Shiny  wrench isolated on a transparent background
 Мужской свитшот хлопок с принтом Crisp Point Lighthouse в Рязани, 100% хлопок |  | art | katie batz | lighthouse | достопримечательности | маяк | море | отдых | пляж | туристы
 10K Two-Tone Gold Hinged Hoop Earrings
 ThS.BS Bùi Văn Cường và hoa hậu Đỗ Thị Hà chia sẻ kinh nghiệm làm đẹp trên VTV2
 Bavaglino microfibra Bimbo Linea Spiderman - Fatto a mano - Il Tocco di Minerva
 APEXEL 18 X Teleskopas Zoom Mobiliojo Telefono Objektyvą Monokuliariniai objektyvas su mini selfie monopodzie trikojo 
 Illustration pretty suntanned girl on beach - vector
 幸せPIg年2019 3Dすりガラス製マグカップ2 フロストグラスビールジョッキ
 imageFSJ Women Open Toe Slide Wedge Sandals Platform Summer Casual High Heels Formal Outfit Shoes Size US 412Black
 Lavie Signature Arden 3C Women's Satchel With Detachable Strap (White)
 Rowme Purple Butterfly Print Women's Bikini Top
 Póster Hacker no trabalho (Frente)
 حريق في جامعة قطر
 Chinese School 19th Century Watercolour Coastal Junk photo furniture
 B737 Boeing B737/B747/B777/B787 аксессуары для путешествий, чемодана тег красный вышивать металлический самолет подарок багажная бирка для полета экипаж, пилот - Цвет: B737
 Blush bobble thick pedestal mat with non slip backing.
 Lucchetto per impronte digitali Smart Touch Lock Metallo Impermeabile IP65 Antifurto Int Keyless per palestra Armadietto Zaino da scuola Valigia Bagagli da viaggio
-*-*-
Directions:
Please copy, exactly and with nothing else, the lines above beginning at the line that has "ThS.BS Bùi Văn" and ending with the line that has "幸せPIg年2019 3Dすりガラス製マグカップ2 フロストグラスビールジョッキ".

Answer space:
 ThS.BS Bùi Văn Cường và hoa hậu Đỗ Thị Hà chia sẻ kinh nghiệm làm đẹp trên VTV2
 Bavaglino microfibra Bimbo Linea Spiderman - Fatto a mano - Il Tocco di Minerva
 APEXEL 18 X Teleskopas Zoom Mobiliojo Telefono Objektyvą Monokuliariniai objektyvas su mini selfie monopodzie trikojo 
 Illustration pretty suntanned girl on beach - vector
 幸せPIg年2019 3Dすりガラス製マグカップ2 フロストグラスビールジョッキ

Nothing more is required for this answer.